Cette réaction de nos dirigeants me paraît donc pour le moins déconcertante. À première vue, on pourrait pardonner à quiconque de supposer que le Hamas et ses partisans ont mal compris le sens du mot « victoire ». Comment expliquer autrement son invocation ? Si c’est à cela que ressemble la victoire, étions-nous déjà victorieux le 6 octobre 2023 ? Peut-être même que notre triomphe d’alors dépassait largement cette prétendue victoire, car il n’avait pas été obtenu au prix d’innombrables morts parmi nos proches, de milliers de maisons et de lieux de culte profanés, et du spectre d’un « transfert massif » que d’aucuns évoquent désormais ouvertement. Parmi les dizaines de milliers de personnes ayant perdu des proches à Gaza, une femme a écrit ces lignes après avoir appris le cessez-le-feu : « La guerre est finie, maman ! ». Elle a adressé son message à sa mère et à l’ensemble de sa famille, tous tués lors d’une frappe aérienne israélienne au début de la guerre. À Ramallah, un père en deuil, dévasté par la mort des siens, y compris les enfants, a interrompu les célébrations des partisans du Hamas en criant : « Que célébrez-vous ? La mort de nos enfants ? La destruction que le Hamas nous a infligée ? Que célébrez-vous exactement ? »
Pourtant, la question mérite d’être posée : de quelle victoire exactement le Hamas peut-il se targuer au bout de dix-huit mois ? Et cette question en amène une autre, plus fondamentale, à laquelle les dirigeants de ce mouvement n’ont pas répondu : quel était leur objectif en commettant les atrocités du 7 octobre 2003 ?

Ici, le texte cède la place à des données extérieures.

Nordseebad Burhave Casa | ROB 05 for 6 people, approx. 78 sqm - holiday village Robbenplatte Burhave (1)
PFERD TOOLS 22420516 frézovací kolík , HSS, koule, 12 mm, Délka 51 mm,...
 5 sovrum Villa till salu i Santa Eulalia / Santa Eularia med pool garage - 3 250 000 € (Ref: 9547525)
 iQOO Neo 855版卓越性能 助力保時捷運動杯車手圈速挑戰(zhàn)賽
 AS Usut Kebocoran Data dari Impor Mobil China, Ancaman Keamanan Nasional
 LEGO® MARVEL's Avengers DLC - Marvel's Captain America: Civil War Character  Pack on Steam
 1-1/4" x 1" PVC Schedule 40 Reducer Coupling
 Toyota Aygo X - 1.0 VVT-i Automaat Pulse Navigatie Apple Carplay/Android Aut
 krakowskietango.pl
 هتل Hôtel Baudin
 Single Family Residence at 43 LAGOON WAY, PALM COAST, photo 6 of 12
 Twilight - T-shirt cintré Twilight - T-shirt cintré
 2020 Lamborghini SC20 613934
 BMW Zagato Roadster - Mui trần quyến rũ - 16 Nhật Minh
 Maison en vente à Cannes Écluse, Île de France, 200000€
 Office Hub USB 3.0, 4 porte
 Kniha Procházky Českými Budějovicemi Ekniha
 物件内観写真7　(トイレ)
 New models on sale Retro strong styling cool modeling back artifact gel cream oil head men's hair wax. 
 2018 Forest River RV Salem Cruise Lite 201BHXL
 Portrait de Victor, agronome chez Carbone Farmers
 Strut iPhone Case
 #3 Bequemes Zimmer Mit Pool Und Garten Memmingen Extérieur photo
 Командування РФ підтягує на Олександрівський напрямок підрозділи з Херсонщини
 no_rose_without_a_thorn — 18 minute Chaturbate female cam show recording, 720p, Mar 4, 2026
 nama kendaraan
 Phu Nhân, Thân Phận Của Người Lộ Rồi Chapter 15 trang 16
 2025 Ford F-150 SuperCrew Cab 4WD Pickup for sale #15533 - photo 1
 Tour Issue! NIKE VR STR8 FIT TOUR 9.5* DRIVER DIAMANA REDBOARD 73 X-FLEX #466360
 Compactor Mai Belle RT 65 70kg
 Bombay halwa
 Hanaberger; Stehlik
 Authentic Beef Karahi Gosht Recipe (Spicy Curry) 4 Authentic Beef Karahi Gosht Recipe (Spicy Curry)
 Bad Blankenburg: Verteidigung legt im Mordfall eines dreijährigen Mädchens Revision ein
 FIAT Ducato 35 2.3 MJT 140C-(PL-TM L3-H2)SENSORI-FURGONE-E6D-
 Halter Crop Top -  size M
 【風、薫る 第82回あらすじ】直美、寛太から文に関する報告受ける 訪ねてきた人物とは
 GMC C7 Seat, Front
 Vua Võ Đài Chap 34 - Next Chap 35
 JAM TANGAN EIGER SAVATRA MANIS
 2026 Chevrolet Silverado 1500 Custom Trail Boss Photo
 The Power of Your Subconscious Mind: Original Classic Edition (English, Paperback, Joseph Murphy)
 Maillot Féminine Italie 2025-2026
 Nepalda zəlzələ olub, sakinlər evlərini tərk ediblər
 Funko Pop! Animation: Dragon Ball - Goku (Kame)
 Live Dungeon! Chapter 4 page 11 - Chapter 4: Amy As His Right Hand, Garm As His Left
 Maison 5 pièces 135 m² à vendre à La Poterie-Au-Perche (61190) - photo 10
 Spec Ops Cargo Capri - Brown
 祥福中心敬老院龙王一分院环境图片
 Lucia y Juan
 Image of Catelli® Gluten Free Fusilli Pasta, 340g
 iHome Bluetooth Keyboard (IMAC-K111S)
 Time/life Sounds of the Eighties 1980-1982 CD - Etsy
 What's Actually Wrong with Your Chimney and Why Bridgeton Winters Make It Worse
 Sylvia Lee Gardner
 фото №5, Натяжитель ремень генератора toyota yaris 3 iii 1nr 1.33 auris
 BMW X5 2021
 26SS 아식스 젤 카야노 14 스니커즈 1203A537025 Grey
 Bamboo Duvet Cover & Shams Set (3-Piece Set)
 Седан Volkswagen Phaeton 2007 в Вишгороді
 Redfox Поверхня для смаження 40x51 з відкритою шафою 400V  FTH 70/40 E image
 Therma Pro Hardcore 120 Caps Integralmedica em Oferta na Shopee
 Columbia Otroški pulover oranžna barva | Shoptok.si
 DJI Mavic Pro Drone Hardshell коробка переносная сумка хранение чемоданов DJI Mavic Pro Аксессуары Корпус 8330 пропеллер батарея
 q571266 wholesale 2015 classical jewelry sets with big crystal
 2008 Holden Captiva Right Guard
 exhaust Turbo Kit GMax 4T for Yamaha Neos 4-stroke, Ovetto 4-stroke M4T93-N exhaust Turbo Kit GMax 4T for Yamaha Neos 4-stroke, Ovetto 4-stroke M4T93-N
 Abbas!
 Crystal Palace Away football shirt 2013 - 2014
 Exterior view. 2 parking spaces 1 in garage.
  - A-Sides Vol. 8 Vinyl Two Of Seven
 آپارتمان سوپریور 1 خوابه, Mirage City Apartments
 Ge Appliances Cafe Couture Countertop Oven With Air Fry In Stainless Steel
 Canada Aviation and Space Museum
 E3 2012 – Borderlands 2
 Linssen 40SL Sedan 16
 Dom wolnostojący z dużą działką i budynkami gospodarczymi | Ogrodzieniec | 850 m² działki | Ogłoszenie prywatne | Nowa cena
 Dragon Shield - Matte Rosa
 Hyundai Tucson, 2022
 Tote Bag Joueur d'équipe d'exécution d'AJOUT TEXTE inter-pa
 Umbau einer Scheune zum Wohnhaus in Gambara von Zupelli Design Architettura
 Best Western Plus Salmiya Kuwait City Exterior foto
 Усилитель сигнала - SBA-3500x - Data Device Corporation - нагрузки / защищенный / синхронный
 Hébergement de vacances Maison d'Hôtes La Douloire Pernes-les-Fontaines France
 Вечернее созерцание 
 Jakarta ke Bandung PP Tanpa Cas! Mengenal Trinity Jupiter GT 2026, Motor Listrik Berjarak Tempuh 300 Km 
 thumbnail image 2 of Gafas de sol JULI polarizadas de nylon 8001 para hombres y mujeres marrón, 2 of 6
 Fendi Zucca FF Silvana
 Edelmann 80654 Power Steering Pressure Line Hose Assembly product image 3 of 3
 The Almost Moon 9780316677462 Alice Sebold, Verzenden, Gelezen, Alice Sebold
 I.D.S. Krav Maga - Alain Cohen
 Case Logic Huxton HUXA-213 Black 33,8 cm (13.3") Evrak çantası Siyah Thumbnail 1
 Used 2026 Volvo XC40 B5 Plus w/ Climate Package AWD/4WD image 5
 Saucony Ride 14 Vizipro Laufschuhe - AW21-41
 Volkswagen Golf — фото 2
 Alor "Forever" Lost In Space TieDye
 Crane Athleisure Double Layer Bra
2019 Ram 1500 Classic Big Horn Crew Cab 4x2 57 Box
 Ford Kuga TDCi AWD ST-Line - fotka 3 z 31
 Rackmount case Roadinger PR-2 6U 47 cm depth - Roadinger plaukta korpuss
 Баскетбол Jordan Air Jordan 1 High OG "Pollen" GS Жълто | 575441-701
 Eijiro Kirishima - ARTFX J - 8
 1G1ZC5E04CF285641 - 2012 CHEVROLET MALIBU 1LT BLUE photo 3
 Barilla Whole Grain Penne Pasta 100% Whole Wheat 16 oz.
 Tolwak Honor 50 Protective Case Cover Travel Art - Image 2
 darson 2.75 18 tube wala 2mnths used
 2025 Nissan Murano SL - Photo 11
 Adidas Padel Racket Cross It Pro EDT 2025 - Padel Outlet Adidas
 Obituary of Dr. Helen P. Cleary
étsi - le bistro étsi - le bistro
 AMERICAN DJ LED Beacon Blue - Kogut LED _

Au moment où j’écris ces lignes, les dirigeants du Hamas sont divisés quant à la réponse à cette question. Certains, comme Moussa Abou Marzouk, reconnaissent que les objectifs annoncés n’ont pas été atteints, tandis que d’autres, tels que Khalil Al-Hayya, affirment le contraire.
Une question pressante hante les habitants de Gaza, dont beaucoup vivent désormais dans des tentes au milieu des gravats laissés par les roquettes israéliennes : le Hamas nous gouvernera-t-il à nouveau ? Le simple fait que les Gazaouis se posent cette question suggère qu’ils considèrent que le mouvement islamiste ne les gouverne pas actuellement. Une perception qui n’est que partiellement fondée.
En aucun cas, le peuple palestinien ou la communauté internationale ne devraient tolérer le retour du Hamas au pouvoir à Gaza.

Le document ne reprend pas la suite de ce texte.